APPEAL from the Franklin County Municipal Court.
Raymond J. Mularski and James K. Mantel, for appellee.
Mark A. Serrott, for appellant.
OPINION
Defendant-appellant, James J. Pingor, appeals from his February 16, 2001 conviction for operating a motor vehicle while under the influence of alcohol. For the reasons that follow, we reverse.
On August 13, 2000, at approximately 9:09 p.m., Sgt. Mark E. Anderson of the village of New Albany Police Department, pulled appellant over on suspicion of driving under the influence of alcohol. Sgt. Anderson was accompanied in his cruiser by Carl E. McNeal, Jr., a reserve officer with the New Albany Police Department. Sgt. Anderson first noticed appellant because he was driving approximately fifty m.p.h. in a sixty-five m.p.h. zone on State Route 161. Before stopping appellant, Sgt. Anderson followed appellant for several miles and observed numerous traffic violations, including crossing over the dotted center line of the road, making a left turn from the right hand lane, and making an abrupt stop fifteen feet past the stop bar at the intersection of Central College and New Albany Road.
Reserve Officer McNeal made the initial approach to appellant's Jeep, and Sgt. Anderson assumed a back-up position five feet from the other officer. As Reserve Officer McNeal approached, appellant already had unzipped his window slightly and had his license and insurance card hanging out. Reserve Officer McNeal asked appellant to unzip the window all the way down, and appellant asked "[w]hy" and if he were under arrest. Eventually, appellant zipped his window halfway down, and Reserve Officer McNeal smelled the odor of an alcoholic beverage. Sgt. Anderson asked appellant three or four times to step out of the vehicle. When appellant finally opened the door, the odor of an alcoholic beverage became more pronounced. Sgt. Anderson testified that appellant's speech was slurred, and he occasionally mumbled some words. Appellant presented a neat appearance, but he staggered as he walked to the rear of the Jeep.
Appellant asked Sgt. Anderson to "give him a break," as he lived just down the road. Appellant asked questions for several minutes, but eventually agreed to perform a series of field sobriety tests. Sgt. Anderson administered a number of tests, including the horizontal gaze nystagmus ("HGN"), the walk and turn, and the one-legged stand. Appellant swayed during the tests, and Sgt. Anderson could smell the odor of an alcoholic beverage on appellant's breath. According to Sgt. Anderson, appellant dropped his foot down three times during the one-legged stand to keep his balance.

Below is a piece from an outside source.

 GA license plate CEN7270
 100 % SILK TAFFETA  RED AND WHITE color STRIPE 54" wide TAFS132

He stepped off the line three times during the walk and turn, missed touching heel to toe, and did not turn correctly. A third officer, Officer Rudolph, who appeared at the scene for backup, observed a portion of the walk and turn test and did not see appellant walk off the line as Sgt. Anderson testified. At the conclusion of the three standard tests, Sgt. Anderson informed appellant that he had failed the tests. Appellant asked if there were something more he could do. Although he had already made the determination that appellant was impaired, Sgt. Anderson then had appellant perform the finger-to-nose test, recite the alphabet, and balance with his head tilted back. Appellant recited the alphabet correctly, missed touching the tip of his nose with his finger, and swayed side to side and back and forth during the balance test.

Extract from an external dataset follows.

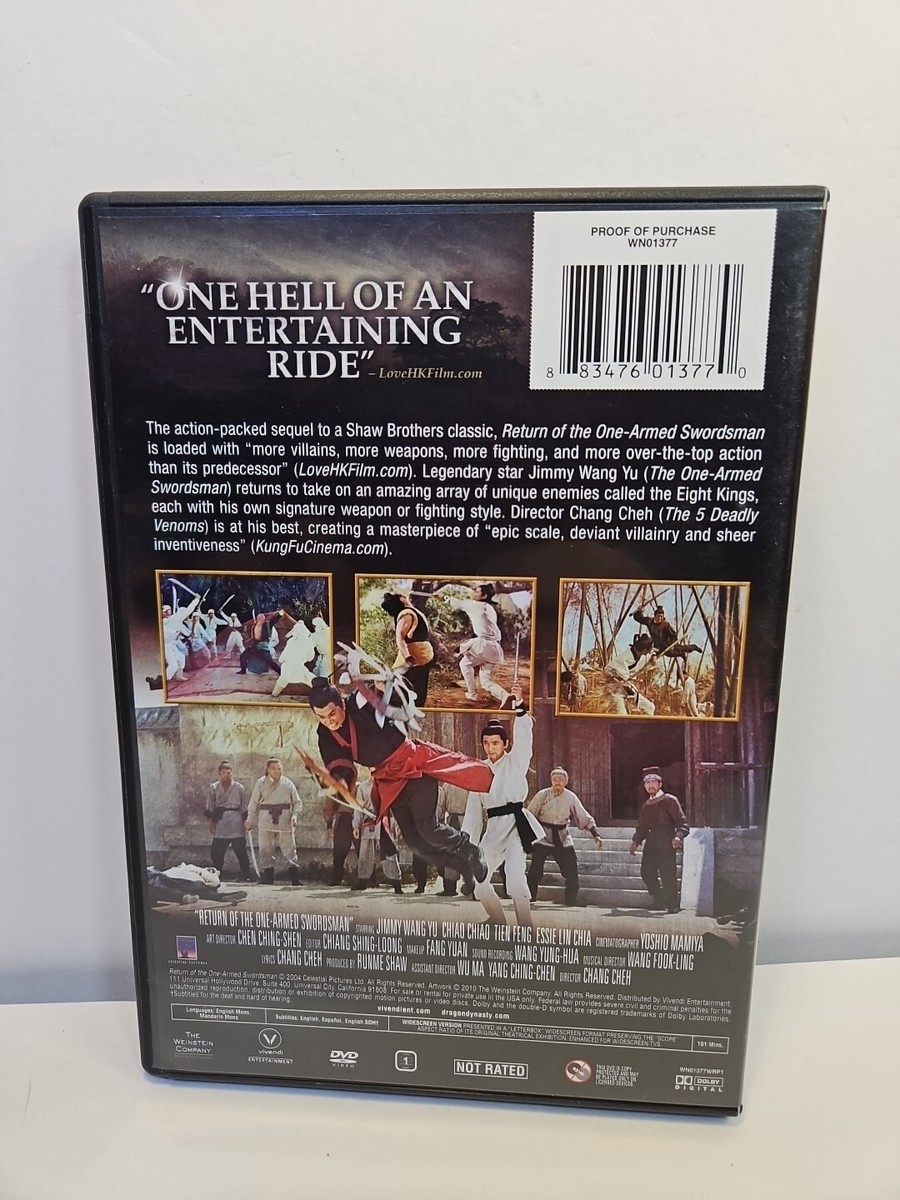 The Return of the One-Armed Swordsman (DVD, 1969, Shaw Brothers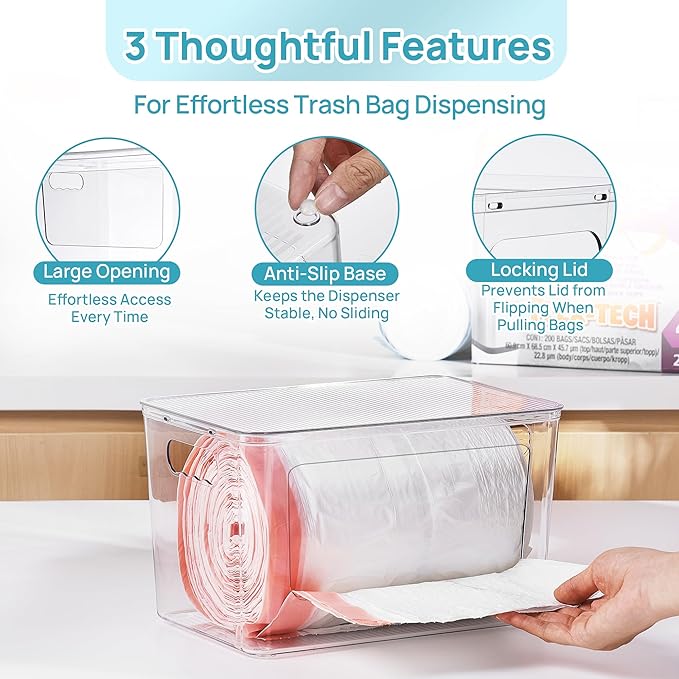 Vtopmart 1 Pack Trash Bag Holder, Stackable Garbage Bag Dispenser - Image 6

After completion of the field sobriety tests, Sgt. Anderson placed appellant under arrest and transported him to police headquarters where appellant consulted with an attorney and refused a breath test. Appellant was charged with operating a motor vehicle while under the influence of alcohol in violation of R.C. 4511.19(A)(1), driving left of center and right of roadway in violation of R.C. 4511.25, and failure to stop at a stop sign in violation of R.C. 4511.12. Appellant waived his right to a jury trial and consented to a bench trial.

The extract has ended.